100 Corp. and 32 Corp. allege that by virtue of the foregoing deeds, they are the current title holders of the property. They assert that from December 16, 2012 through May 10, 2019, they paid for renovations, maintenance, repairs, and improvements to the property as directed by the NYC Department of Buildings. They allege that they paid real estate taxes and carrying charges for the property, as well as tax liens filed against the property incurred due to Ronald's failure to pay real estate taxes. They assert they have an equitable lien encumbering the property and were damaged by no less than $481,000.
In March 2014, Ronald commenced an action in Supreme Court, New York County, seeking a judgment declaring him the owner of the property and alleging fraud against plaintiffs (the Stewart action).
On May 13, 2019, 100 Corp. and 32 Corp. commenced this action against Ronald asserting a claim for a declaratory judgment that, in the event Ronald is adjudged to be the owner of the property, 100 Corp. and 32 Corp. have an equitable lien encumbering the property and asking that they be equitably subrogated to the position of prior liens on the property. 100 Corp. and 32 Corp., also asserted a claim for unjust enrichment against Ronald.

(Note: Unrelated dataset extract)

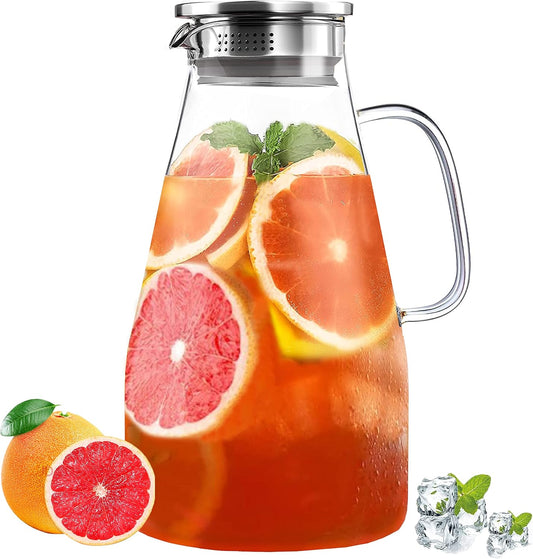 3 Quart Glass Pitcher with Lid,96 oz -Iced Tea Pitcher, Juice, Milk, Coffee, Lemonade - Borosilicate Boiling Glassware - Hot & Cold Beverages Christmas Gift,New Year Gift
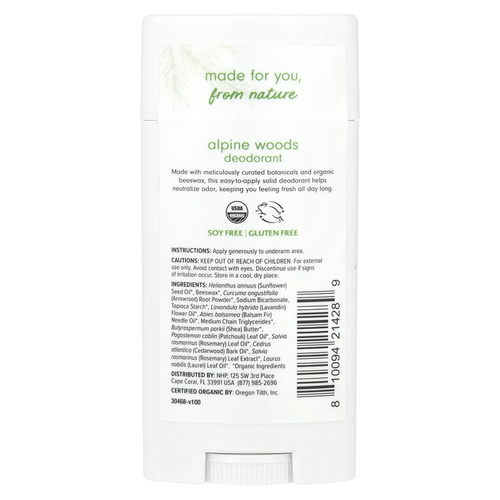 Dr. Mercola, Ola Botanicals®, дезодорант, альпийский лес, 75,13 г (2,65 унции)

On October 2, 2019, Ronald moved to dismiss the complaint pursuant to CPLR 3211(a)(3) for lack of capacity to sue and CPLR 3211(a)(7) for failure to state a cause of action. Ronald argued inter alia that 100 Corp. and 32 Corp. were inactive; that he was tricked into signing over the property to 32 Corp. as part of a fraudulent scheme orchestrated by the owner of 100 Corp., and 32 Corp., and finally, that following a trial in the Stewart action in August 2019, the jury found in favor of Ronald and against 32 Corp[*2]. Supreme Court granted Ronald's motion to dismiss the complaint with prejudice. We find that the complaint was properly dismissed.
Discussion
Plaintiffs fail to state a cause of action for an equitable lien. They have pleaded no facts suggesting there existed any agreement, either express or implied, between defendant and either plaintiff regarding a lien on the property, as is necessary to sustain the cause of action (see M&B Joint Venture, Inc. v Laurus Master Fund, Ltd., 12 NY3d 798, 800 [2009]). Plaintiffs' mere expectation of an equitable lien, which is all they plead here, is insufficient to establish the claim (see id.).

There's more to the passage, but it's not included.